On the surface, Don Jon, released in September of this year, is a fairly raunchy rom-com. Yes, the main character is addicted to pornography, he does meet a girl, attempt to woo her, and (spoiler alert), end up finding another girl in the process, but the film is not what you might expect. In fact, it really isn’t even fair to lump it into the “romantic comedy” category or to call it “raunchy”. Let’s take a deeper look into Don Jon:
There’s a difference between the kind of raunchy that’s done strictly for laughs and the kind of raunchy that is shown to be realistic, to imitate life–that kind of raunchy, the kind of raunchy evident in Don Jon, is nothing short of art.
While less astute audience members are sure to get giggles from Don Jon’s pornography addiction, his “picking up the ladies” techniques in the club, and his outright use of women, those who are willing to dig a bit beneath the surface will find that these traits and actions aren’t shown just for laughs. No, director Joseph Gordon-Levitt, who also stars in the title role, shows the viewer these things to make him or her realize the true sadness and vast emptiness of Don Jon’s life.
His addiction to pornography belies an inability to make connections with others; the way he treats women speaks to the same, and the scenes with his quirky family showcase an interesting dynamic.

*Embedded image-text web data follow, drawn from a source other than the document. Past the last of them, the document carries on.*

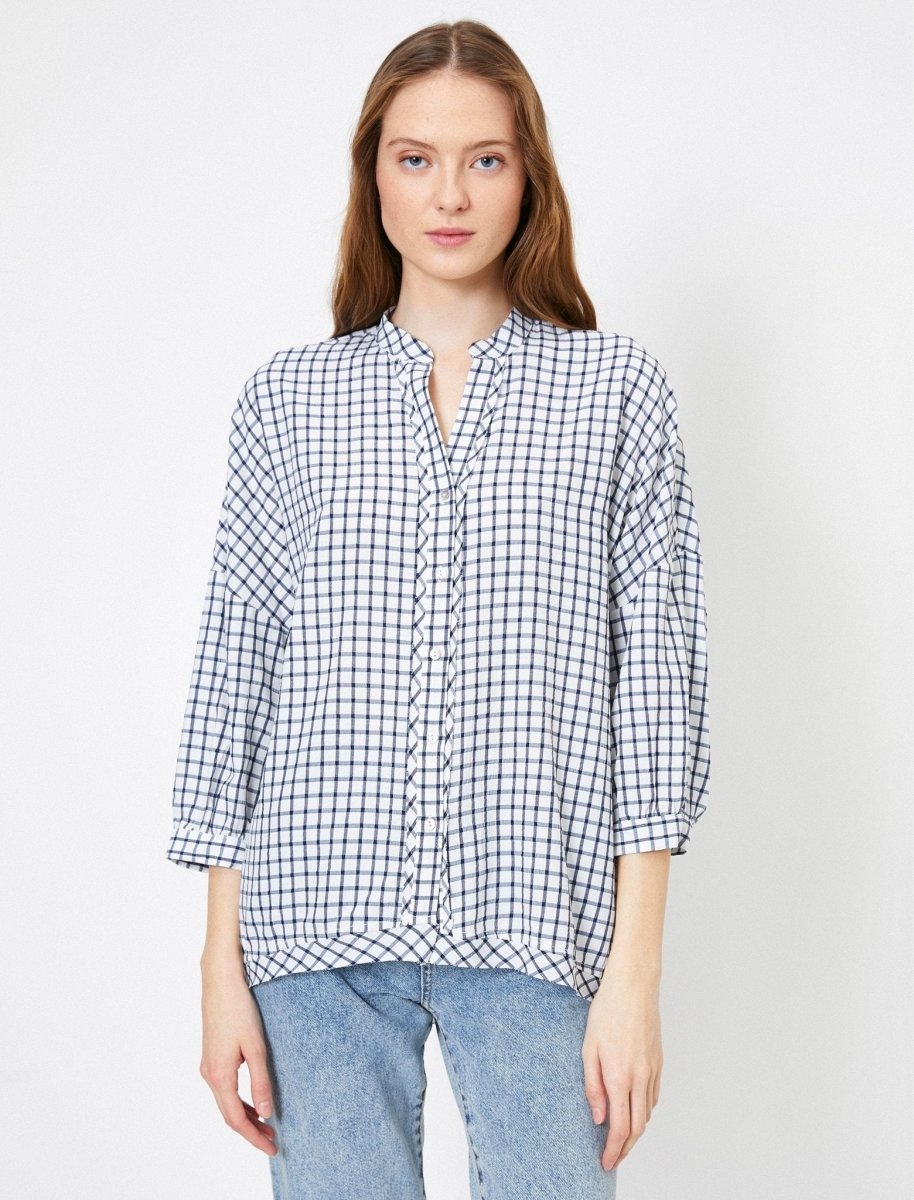 Oversized Boyfriend Check Shirt in Navy - Usolo Outfitters-KOTON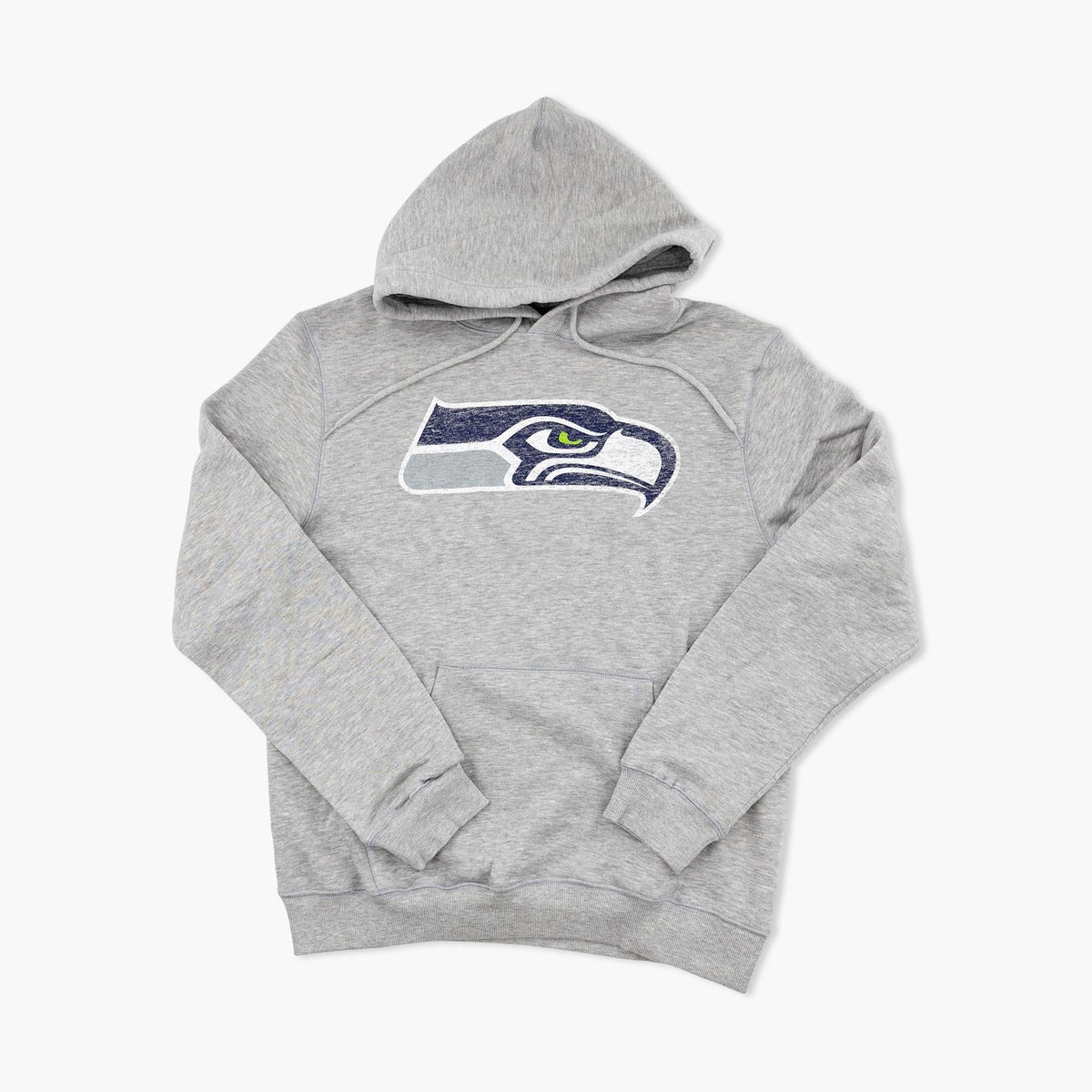 Seattle Seahawks Heather Grey Weathered Primary Logo Pullover Hoodie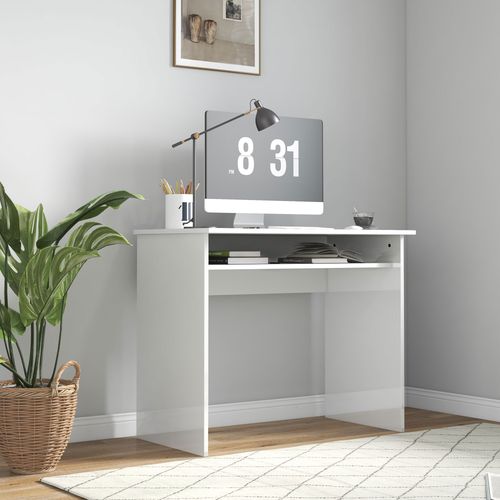 Versatile High Gloss White HOMCOM Computer Desk: Stylish Workstation for Any Space
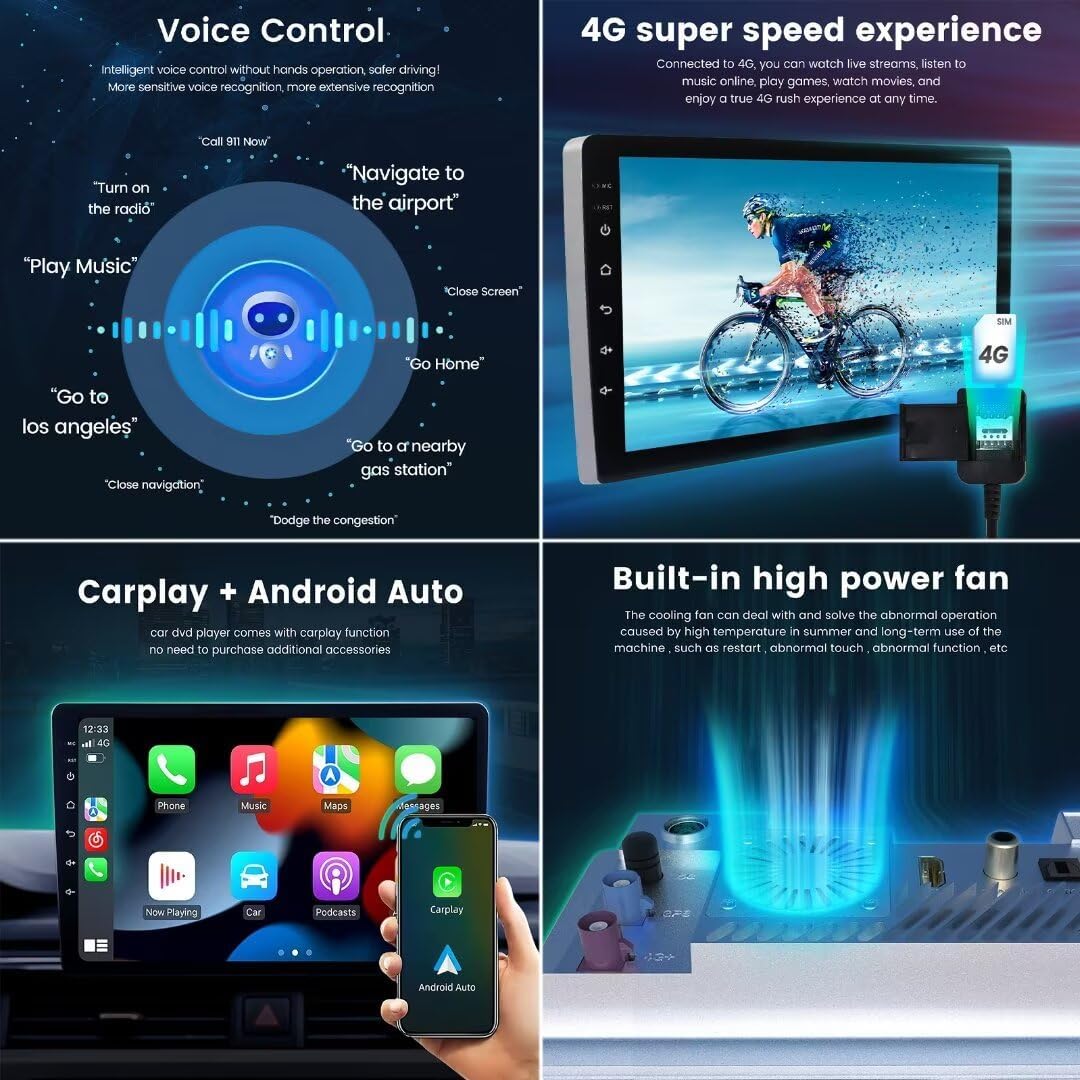 MekedeTech M6 Pro displaying Wireless CarPlay and Android Auto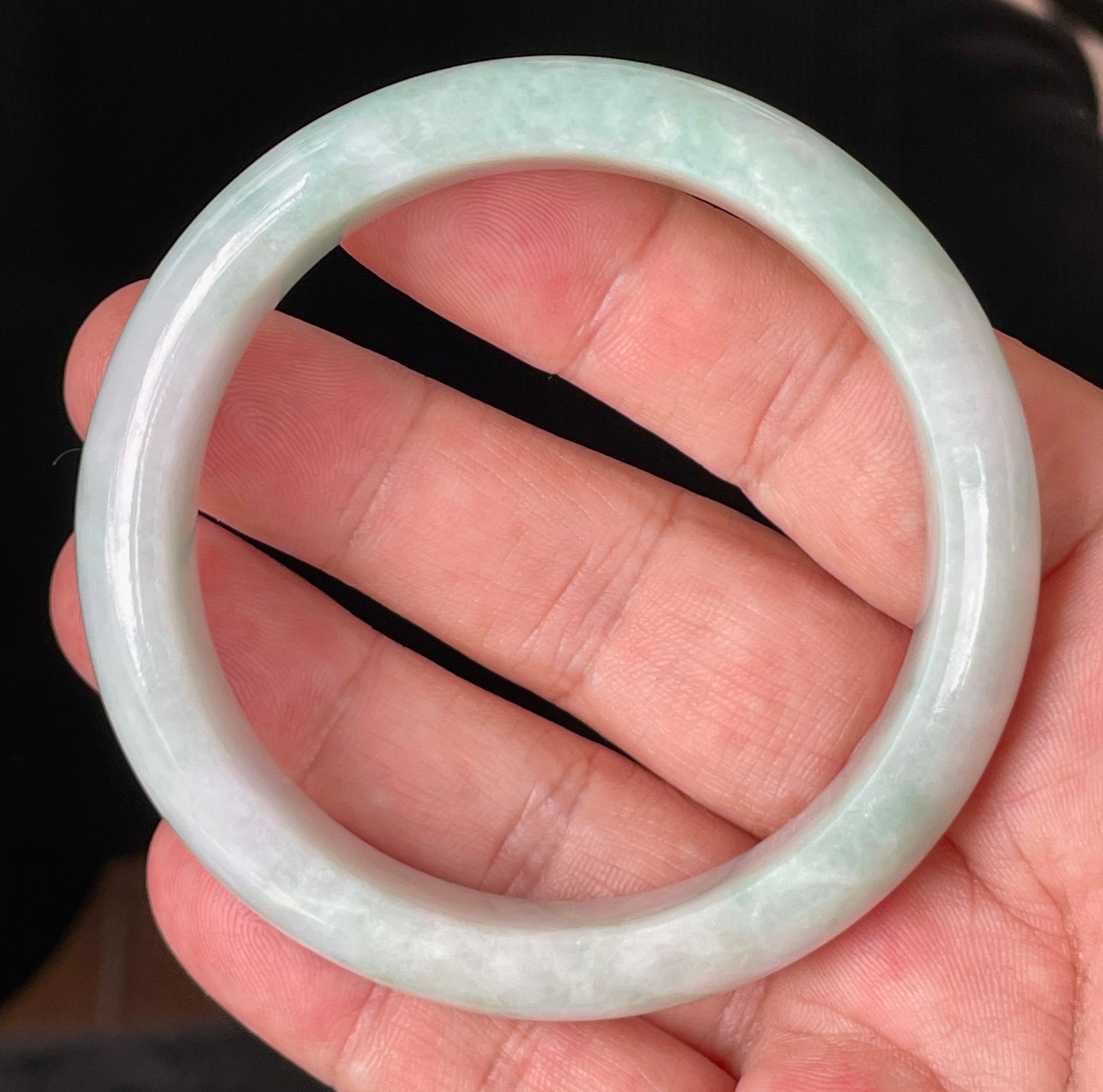 Natural Certified Burmese Jadeite Jade Bangle – Icy Imperial Green, Apple Green & Milky White – 58.3mm – JB875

Everyone in the family is disconnected; each member lives completely for himself or herself, as evidenced by the constantly-on-the-cell-phone sister, the watching-the-game dad, and the in-her-own-little-fantasy-world mother. Having a family like that explains why Don Jon is the way he is, brilliantly and almost subconsciously creating a more sympathetic character.
When Don Jon meets Scarlett Johansson’s character, Barbara, she is, no surprise, as self-centered and emotionally void as he is. The good news, though, is that Don Jon does at least try to form a true connection with her, only to ultimately realize that two broken people who think only of themselves cannot have a meaningful connection; the only relationship such a pair can have, as Don Jon so eloquently puts it, is one that is “one-sided.”

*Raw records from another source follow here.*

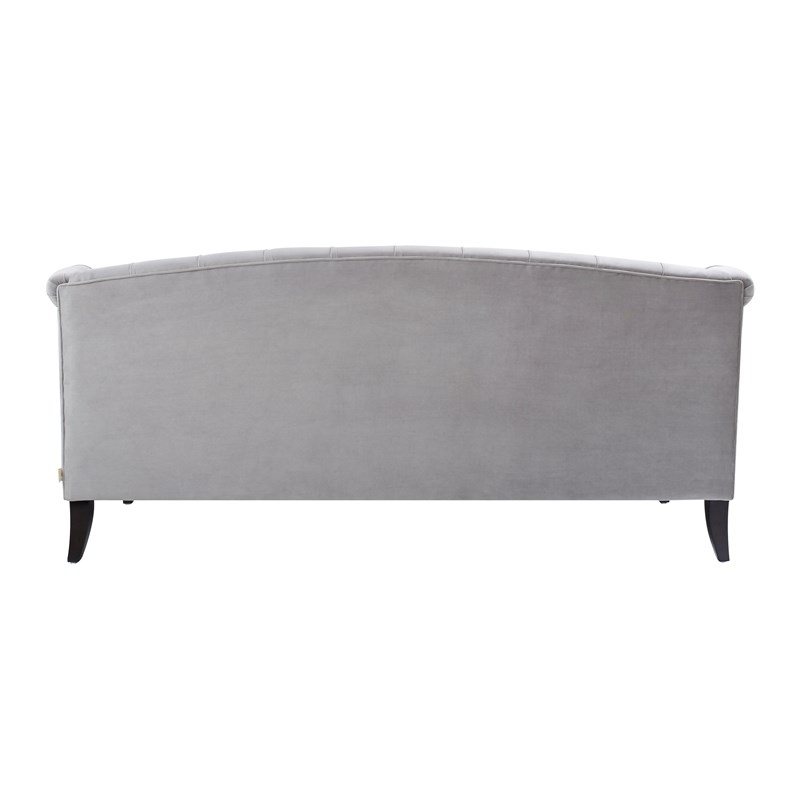 Brika Home Upholstered Button Tufted Sofa in Opal Gray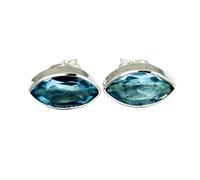 natural rare blue topaz gemstone stud earring 11mm | made in 925 sterling silver,silver plated | marquise shape plated, faceted solitaire stud, minimlist style |LK_VSTD_0673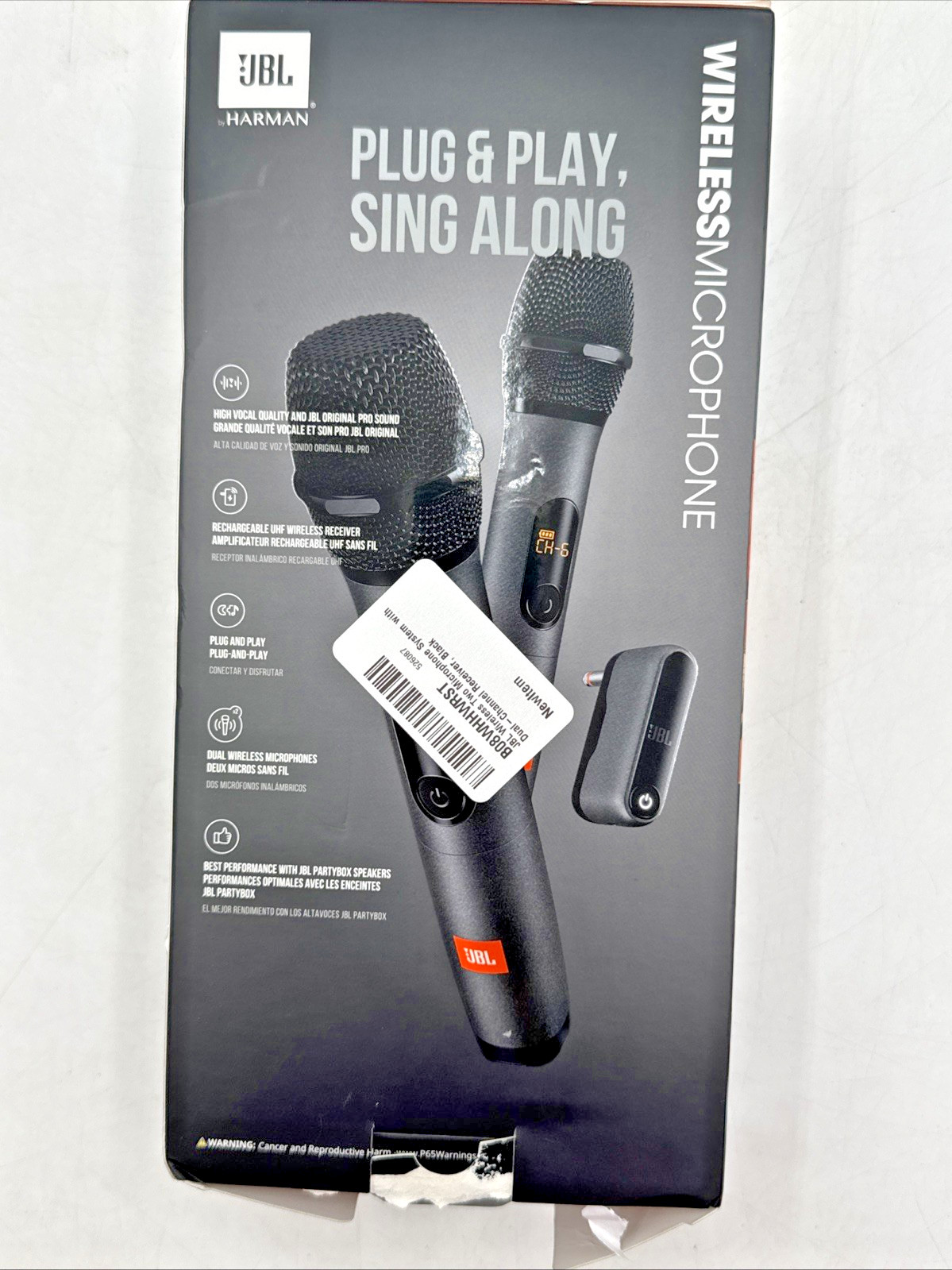 JBL Wireless Two Microphone System With Dual-channel Receiver-Black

Instead of being devastated from the fall-out of the relationship, Don Jon takes what he has learned from the fleeting connection and applies it to his life, thanks in large part to a budding friendship with his classmate Esther (Julianne Moore), who has just lost her family in a tragic accident.
The accident has left her unable to give of herself fully, but that’s okay; Don Jon has some learning to do about what giving means and, as the film draws to a close, the early signs of his change are evident; he joins others at the gym when he would usually workout alone and stops following his rigid, self-imposed schedule. He even desires a closer spiritual connection, as evidenced by his probing questions in the church confessional.
Literary in quality and full of rich symbolism and strongly developed characters, Don Jon is not the ballsy comedy it appears to be at first glance. Instead, it is a fascinating musing on the selfishness of today’s culture and the often unrealized effect it has on all of our lives.
If you’ve already seen the flick, try watching it with a fresh perspective and, if you haven’t, don’t go in expecting a stupid comedy. “Don Jon” is brilliant and multi-layered enough that you’ll find what you’re looking for–be it a few laughs or a good soul-searching–so your experience will be largely determined by your expectations.